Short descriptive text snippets
......

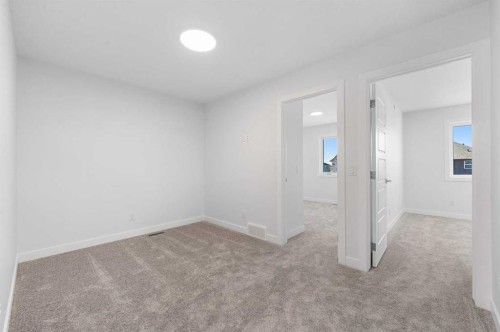 477 Hotchkiss Drive Se, Calgary, AB - Indoor Photo Showing Other Room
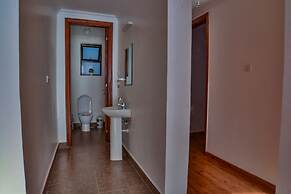 Edmor Residences - Riverside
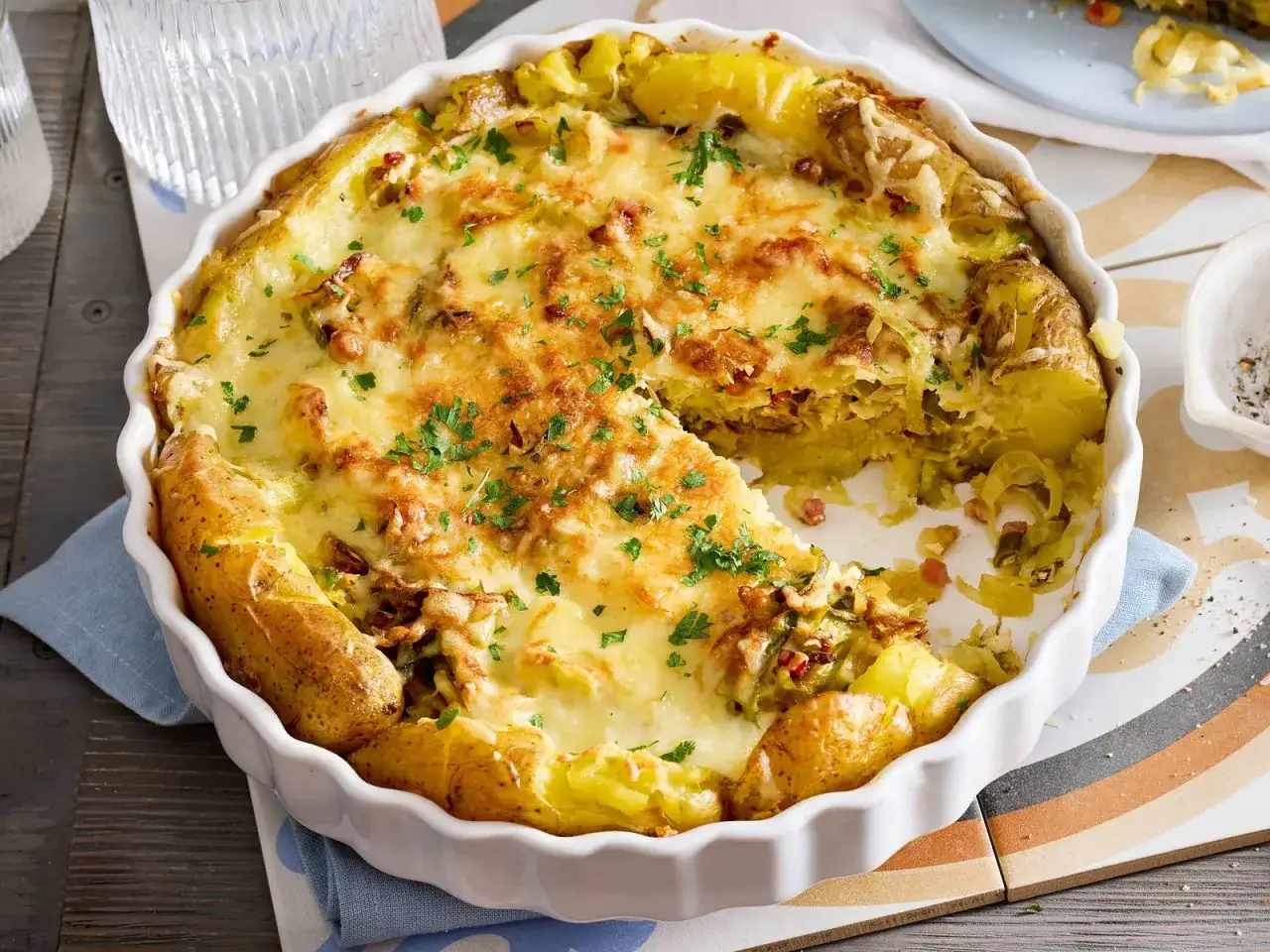 Herzhafte Kartoffel-Quiche mit geschmolzenem Käse und frischer Petersilie, ein Genuss für jeden Tag.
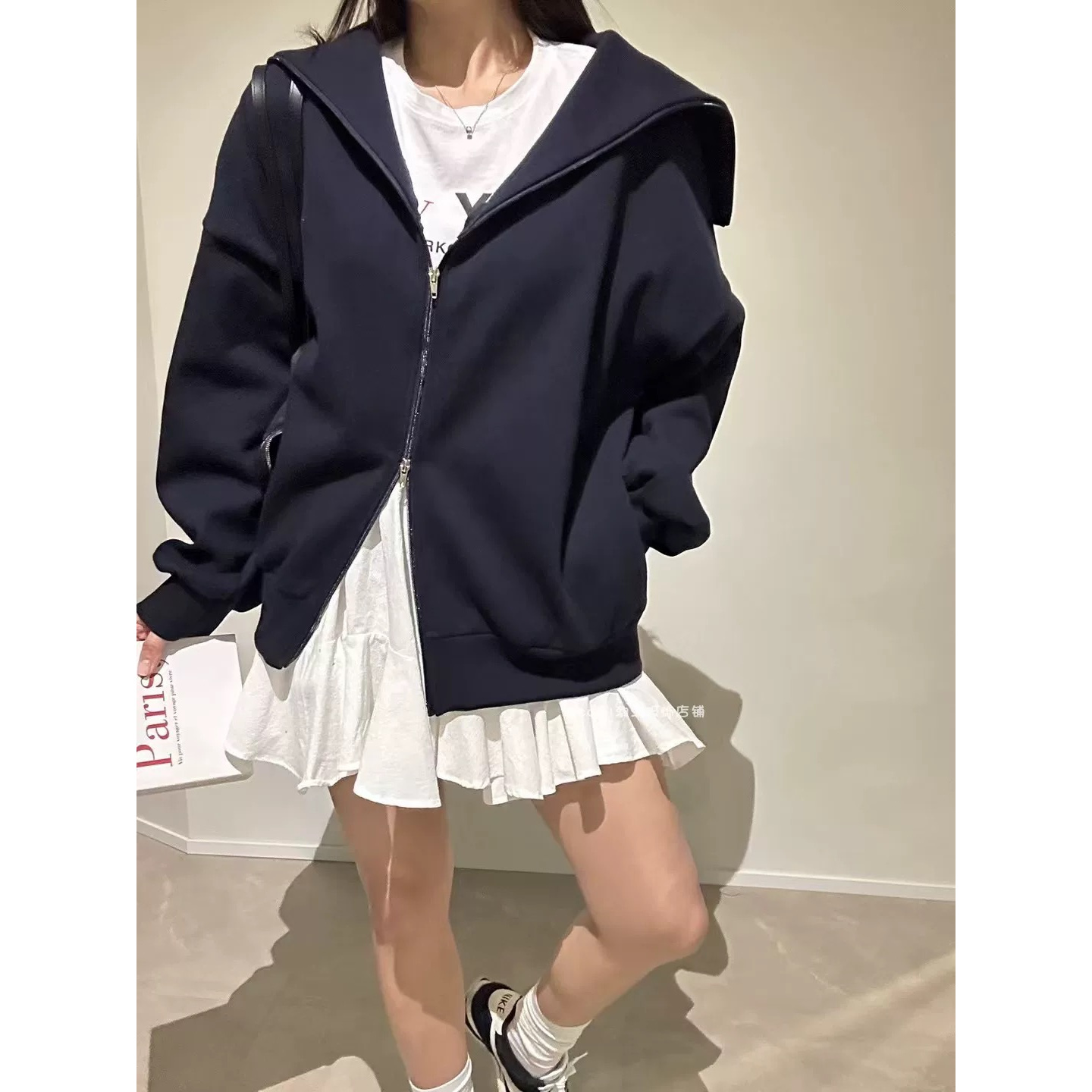 路一.韩国 Seoul海军博物馆 深蓝色卫衣外套 DP25030130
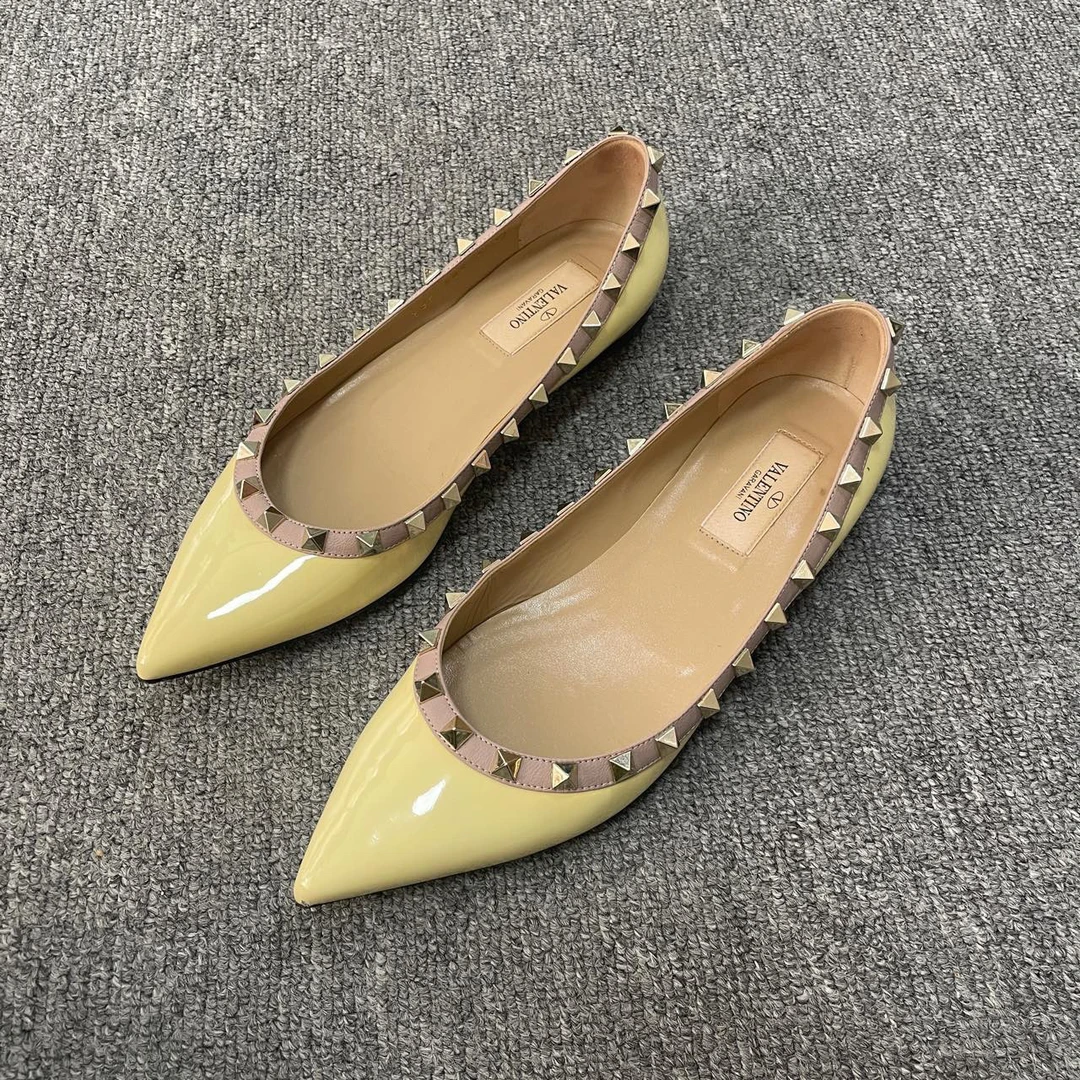 95新 Valentino/华伦天奴 Rockstud铆钉平底休闲单鞋 37码/7501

......

* **Assignment**: Copy every record exactly as written, leaving out the pictures.

* **Solution to the exercise**:
 477 Hotchkiss Drive Se, Calgary, AB - Indoor Photo Showing Other Room
 Edmor Residences - Riverside
 Herzhafte Kartoffel-Quiche mit geschmolzenem Käse und frischer Petersilie, ein Genuss für jeden Tag.
 路一.韩国 Seoul海军博物馆 深蓝色卫衣外套 DP25030130
 95新 Valentino/华伦天奴 Rockstud铆钉平底休闲单鞋 37码/7501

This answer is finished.